Intel controller, same issue. Model: Samsung SSD 860 EVO 1TB Firmware Revision: RVT04B6Q Machine: Dell Precision M4700 BIOS: A19, 11/30/2018 SATA controller: Intel Corporation 7 Series Chipset Family 6-port SATA Controller [AHCI mode] (rev 04) Kernel: Linux 5.10.0-1-amd64 #1 SMP Debian 5.10.5-1 (2021-01-09) x86_64 GNU/Linux Linux version 5.10.0-1-amd64 (debian-kernel@lists.debian.org) (gcc-10 (Debian 10.2.1-5) 10.2.1 20210108, GNU ld (GNU Binutils for Debian) 2.35.1) #1 SMP Debian 5.10.5-1 (2021-01-09) ata1.00: exception Emask 0x10 SAct 0x7f80 SErr 0x440100 action 0x6 frozen ata1.00: irq_stat 0x08000000, interface fatal error ata1: SError: { UnrecovData CommWake Handshk } ata1.00: failed command: WRITE FPDMA QUEUED ata1.00: cmd 61/00:38:20:16:02/0a:00:65:00:00/40 tag 7 ncq dma 1310720 ou res 40/00:40:20:20:02/00:00:65:00:00/40 Emask 0x10 (ATA bus error) ata1.00: status: { DRDY } Disabling NCQ and setting link_power_management_policy to max_performance reduces the frequency of errors. echo 1 > /sys/block/sda/device/queue_depth echo max_performance > /sys/class/scsi_host/host*/link_power_management_policy I had some days without errors, but occasionally they are happening again mostly after updating/installing packages.

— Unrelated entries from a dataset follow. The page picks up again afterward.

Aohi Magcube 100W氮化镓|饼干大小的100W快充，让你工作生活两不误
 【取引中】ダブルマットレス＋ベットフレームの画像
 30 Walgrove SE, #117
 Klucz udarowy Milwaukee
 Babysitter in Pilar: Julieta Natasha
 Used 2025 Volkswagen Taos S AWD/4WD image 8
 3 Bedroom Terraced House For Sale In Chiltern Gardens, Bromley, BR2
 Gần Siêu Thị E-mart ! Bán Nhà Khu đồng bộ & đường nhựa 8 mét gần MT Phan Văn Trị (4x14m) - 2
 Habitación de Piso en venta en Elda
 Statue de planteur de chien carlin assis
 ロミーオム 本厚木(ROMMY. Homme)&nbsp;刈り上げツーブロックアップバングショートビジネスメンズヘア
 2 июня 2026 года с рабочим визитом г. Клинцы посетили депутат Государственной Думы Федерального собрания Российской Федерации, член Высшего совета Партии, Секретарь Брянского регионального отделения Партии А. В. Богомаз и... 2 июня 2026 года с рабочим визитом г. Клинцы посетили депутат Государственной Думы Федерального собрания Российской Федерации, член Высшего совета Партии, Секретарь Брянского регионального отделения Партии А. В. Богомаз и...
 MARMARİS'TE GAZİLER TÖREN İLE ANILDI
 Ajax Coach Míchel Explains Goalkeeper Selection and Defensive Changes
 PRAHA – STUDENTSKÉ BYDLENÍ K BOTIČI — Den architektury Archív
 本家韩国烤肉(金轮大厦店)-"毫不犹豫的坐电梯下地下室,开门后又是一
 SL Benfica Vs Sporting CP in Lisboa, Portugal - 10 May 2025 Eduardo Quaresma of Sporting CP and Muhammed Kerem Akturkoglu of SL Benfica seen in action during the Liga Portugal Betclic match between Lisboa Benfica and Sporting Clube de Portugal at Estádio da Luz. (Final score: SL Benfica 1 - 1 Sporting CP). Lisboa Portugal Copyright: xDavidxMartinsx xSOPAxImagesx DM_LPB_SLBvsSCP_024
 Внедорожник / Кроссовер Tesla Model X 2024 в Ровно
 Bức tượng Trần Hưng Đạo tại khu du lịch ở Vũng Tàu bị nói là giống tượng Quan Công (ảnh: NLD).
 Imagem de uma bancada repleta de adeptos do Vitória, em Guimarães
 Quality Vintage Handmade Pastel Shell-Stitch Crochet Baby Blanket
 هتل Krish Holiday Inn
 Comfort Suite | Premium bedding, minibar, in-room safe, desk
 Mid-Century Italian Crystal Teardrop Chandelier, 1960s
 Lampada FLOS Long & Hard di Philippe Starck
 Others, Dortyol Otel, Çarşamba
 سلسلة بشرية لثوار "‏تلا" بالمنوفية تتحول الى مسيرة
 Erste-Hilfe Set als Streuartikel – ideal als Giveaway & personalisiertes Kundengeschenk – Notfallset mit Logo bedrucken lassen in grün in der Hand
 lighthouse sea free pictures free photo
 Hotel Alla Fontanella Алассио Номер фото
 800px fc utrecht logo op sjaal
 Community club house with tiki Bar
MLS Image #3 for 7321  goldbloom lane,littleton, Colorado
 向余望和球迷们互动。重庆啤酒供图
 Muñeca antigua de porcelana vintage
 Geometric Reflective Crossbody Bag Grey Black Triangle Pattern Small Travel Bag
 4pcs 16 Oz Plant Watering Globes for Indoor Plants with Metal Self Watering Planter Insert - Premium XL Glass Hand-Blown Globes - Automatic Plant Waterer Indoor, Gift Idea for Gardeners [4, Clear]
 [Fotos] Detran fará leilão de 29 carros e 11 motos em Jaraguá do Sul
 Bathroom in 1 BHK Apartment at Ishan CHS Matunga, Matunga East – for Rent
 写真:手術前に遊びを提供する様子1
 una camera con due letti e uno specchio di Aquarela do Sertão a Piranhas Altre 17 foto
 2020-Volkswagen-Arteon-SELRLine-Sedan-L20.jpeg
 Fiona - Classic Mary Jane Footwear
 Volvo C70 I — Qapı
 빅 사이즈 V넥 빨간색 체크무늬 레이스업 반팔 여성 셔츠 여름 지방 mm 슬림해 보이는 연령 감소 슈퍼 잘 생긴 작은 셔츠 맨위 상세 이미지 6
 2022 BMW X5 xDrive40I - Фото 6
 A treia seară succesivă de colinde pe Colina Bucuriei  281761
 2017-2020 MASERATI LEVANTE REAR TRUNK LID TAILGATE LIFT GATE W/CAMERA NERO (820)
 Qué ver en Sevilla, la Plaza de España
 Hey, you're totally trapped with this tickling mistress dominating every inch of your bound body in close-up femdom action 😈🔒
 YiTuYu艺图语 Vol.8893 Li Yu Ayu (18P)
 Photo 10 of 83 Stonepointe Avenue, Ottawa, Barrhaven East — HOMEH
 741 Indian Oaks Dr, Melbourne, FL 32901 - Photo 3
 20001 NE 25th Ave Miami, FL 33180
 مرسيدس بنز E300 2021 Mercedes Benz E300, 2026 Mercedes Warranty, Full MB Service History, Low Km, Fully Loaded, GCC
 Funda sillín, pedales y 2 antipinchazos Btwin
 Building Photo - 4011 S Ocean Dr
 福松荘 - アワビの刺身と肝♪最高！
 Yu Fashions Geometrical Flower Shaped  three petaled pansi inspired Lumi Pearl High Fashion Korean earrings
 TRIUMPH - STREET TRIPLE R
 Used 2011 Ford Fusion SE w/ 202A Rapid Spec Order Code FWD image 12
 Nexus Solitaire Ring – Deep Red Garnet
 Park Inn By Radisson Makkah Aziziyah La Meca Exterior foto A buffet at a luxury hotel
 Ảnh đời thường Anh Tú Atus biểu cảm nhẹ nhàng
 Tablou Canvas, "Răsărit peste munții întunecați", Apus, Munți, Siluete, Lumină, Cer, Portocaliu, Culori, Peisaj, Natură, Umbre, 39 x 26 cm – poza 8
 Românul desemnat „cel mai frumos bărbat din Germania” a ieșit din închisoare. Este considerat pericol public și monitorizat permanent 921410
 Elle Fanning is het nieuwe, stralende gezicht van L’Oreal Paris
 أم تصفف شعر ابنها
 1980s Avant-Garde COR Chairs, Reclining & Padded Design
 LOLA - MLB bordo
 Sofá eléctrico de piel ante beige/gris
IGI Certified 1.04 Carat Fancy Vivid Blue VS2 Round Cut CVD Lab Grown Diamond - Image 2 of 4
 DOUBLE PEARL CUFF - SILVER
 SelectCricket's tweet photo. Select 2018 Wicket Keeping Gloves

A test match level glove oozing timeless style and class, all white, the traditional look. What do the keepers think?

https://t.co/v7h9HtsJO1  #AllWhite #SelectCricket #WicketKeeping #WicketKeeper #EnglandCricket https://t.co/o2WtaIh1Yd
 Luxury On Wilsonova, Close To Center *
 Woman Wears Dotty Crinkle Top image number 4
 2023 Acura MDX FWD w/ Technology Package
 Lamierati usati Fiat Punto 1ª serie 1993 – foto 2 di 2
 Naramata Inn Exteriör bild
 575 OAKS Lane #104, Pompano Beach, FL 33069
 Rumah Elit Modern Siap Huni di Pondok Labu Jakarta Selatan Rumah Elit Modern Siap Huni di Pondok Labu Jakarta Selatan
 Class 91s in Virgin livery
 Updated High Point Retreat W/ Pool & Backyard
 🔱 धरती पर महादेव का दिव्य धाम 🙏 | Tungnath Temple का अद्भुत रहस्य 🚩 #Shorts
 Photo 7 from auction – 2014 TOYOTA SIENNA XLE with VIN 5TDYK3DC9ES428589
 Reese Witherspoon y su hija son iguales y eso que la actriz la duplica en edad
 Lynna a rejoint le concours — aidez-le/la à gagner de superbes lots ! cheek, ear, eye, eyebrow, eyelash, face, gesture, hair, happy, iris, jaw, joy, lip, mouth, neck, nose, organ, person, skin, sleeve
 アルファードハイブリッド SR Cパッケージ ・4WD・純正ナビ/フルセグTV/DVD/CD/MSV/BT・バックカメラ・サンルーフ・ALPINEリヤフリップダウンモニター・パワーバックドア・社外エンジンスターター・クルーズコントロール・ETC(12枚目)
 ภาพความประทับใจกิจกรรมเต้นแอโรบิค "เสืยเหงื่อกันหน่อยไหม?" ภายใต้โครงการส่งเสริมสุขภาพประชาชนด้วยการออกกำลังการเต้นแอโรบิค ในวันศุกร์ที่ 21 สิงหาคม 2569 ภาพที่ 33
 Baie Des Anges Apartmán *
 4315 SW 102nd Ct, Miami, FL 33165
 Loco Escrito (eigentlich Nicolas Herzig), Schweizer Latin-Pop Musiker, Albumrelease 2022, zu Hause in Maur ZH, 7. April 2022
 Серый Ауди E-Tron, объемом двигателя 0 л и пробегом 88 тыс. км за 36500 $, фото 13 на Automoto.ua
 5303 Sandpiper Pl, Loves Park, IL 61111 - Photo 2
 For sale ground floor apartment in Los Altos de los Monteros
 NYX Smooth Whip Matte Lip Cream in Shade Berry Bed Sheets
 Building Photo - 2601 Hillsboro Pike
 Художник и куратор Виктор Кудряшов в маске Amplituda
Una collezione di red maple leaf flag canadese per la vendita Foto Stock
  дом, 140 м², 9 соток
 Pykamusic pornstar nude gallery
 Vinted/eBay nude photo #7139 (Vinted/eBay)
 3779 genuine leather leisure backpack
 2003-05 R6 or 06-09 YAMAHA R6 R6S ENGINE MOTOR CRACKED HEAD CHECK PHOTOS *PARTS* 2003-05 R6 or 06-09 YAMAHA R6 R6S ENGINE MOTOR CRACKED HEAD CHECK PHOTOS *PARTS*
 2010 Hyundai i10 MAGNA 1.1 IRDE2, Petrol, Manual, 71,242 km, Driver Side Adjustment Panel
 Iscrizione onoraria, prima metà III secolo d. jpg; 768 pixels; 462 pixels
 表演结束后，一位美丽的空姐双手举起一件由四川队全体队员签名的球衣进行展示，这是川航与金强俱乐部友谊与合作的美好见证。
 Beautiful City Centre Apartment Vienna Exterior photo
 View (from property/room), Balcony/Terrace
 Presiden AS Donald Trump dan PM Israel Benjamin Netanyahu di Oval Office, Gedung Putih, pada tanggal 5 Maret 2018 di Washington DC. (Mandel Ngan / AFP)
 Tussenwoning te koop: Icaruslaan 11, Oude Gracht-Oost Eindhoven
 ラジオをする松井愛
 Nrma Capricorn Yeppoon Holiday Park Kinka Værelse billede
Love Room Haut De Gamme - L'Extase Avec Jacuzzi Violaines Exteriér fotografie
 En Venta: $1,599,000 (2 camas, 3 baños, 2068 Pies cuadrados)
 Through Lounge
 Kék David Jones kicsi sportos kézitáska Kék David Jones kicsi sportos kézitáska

I'm encountering this bug as well, on a Thinkpad t450s, a Samsung SSD 860 EVO 1TB (firmware RVT04B6Q) with Slackware-14.2 with kernel upgraded to 5.10.15. I'm adding my info particularly because of my non-AMD SATA controller: 00:1f.2 SATA controller: Intel Corporation Wildcat Point-LP SATA Controller [AHCI Mode] (rev 03) (prog-if 01 [AHCI 1.0]) Subsystem: Lenovo Wildcat Point-LP SATA Controller [AHCI Mode] Control: I/O+ Mem+ BusMaster+ SpecCycle- MemWINV- VGASnoop- ParErr- Stepping- SERR- FastB2B- DisINTx+ Status: Cap+ 66MHz+ UDF- FastB2B+ ParErr- DEVSEL=medium >TAbort- <TAbort- <MAbort- >SERR- <PERR- INTx- Latency: 0 Interrupt: pin B routed to IRQ 44 Region 0: I/O ports at 30a8 [size=8] Region 1: I/O ports at 30b4 [size=4] Region 2: I/O ports at 30a0 [size=8] Region 3: I/O ports at 30b0 [size=4] Region 4: I/O ports at 3060 [size=32] Region 5: Memory at f123c000 (32-bit, non-prefetchable) [size=2K] Capabilities: [80] MSI: Enable+ Count=1/1 Maskable- 64bit- Address: fee00298 Data: 0000 Capabilities: [70] Power Management version 3 Flags: PMEClk- DSI- D1- D2- AuxCurrent=0mA PME(D0-,D1-,D2-,D3hot+,D3cold-) Status: D0 NoSoftRst+ PME-Enable- DSel=0 DScale=0 PME- Capabilities: [a8] SATA HBA v1.0 BAR4 Offset=00000004 Kernel driver in use: ahci I have two ext4 partitions mounted with discards on, one of which encrypted. I see ata errors just about every time I reboot my machine, and was able to easily provoke it manually by issuing fstrim on my root and home partitions. I was (apparently) able to work around this bug both by issueing echo 1 > /sys/block/sda/device/queue_depth and by reverting https://git.kernel.org/pub/scm/linux/kernel/git/torvalds/linux.git/commit/?id=ca6bfcb2f6d9deab3924bf901e73622a94900473 Please let me know if there's anything else I can do to help. I personally was quite put off by the sudden onset of all these ata errors after I thought I had prolonged my laptop's life with a nice and big SSD. I'm happy to work around the issue, but it would be better to be able to use vanilla sources without failures.